* _Exercise goal_
Reproduce exactly, leaving out pictures, each line from the one holding "Футболка мужская хлопковая" through the final line of the listing, and add nothing.

* _Source data_
========================

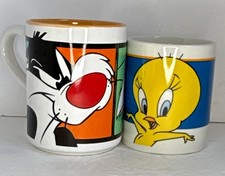 Vtg 2000 Looney Tunes Mugs Set Sylvester Tweety Bird Pop Art Ceramic Coffee Cups picture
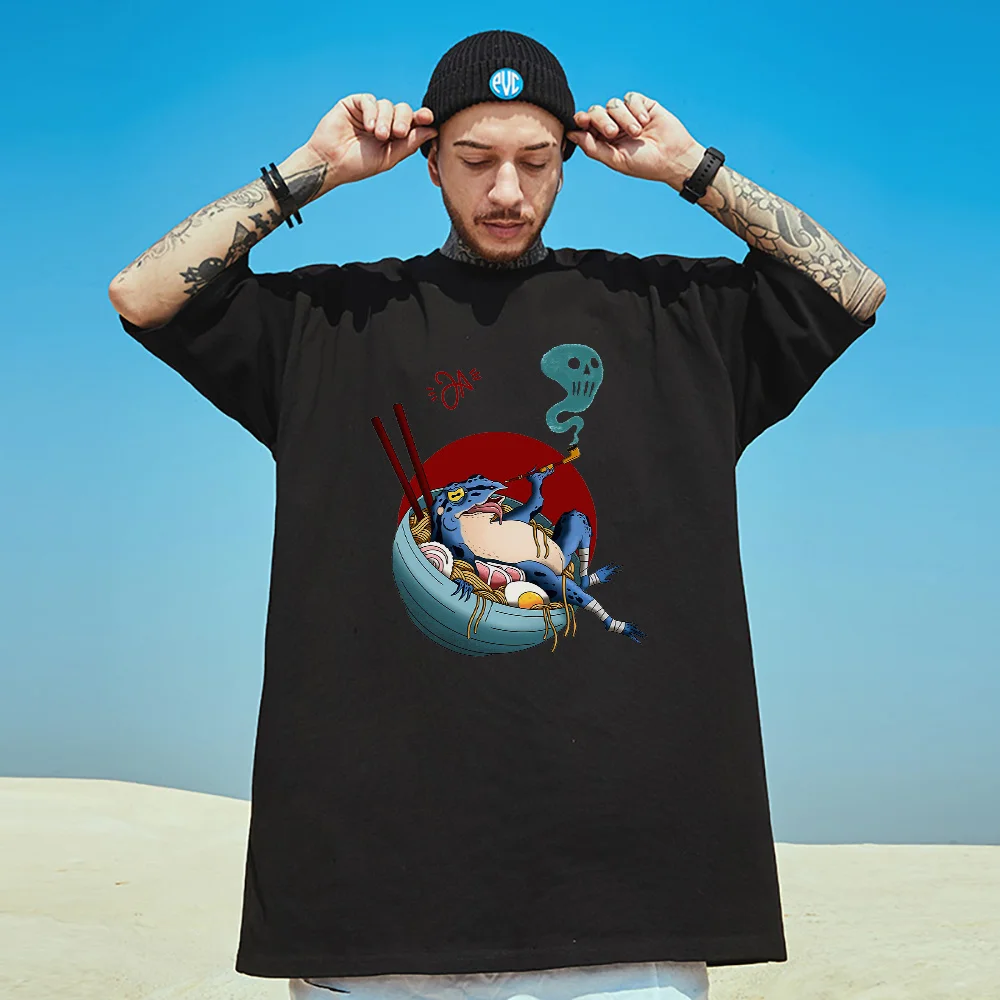 

Футболка мужская хлопковая с принтом «лягушки в рамен»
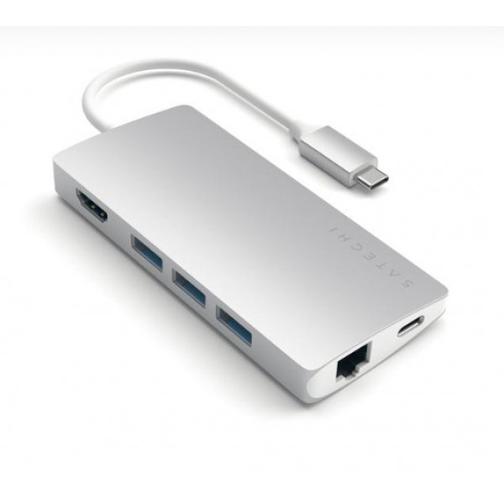USB-концентратор Satechi Type-C Multi-Port Adapter 4K with Ethernet V2 ST-TCMA2S Silver (серебристый) 42301602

========================

* _Task solution_
Футболка мужская хлопковая с принтом «лягушки в рамен»
USB-концентратор Satechi Type-C Multi-Port Adapter 4K with Ethernet V2 ST-TCMA2S Silver (серебристый) 42301602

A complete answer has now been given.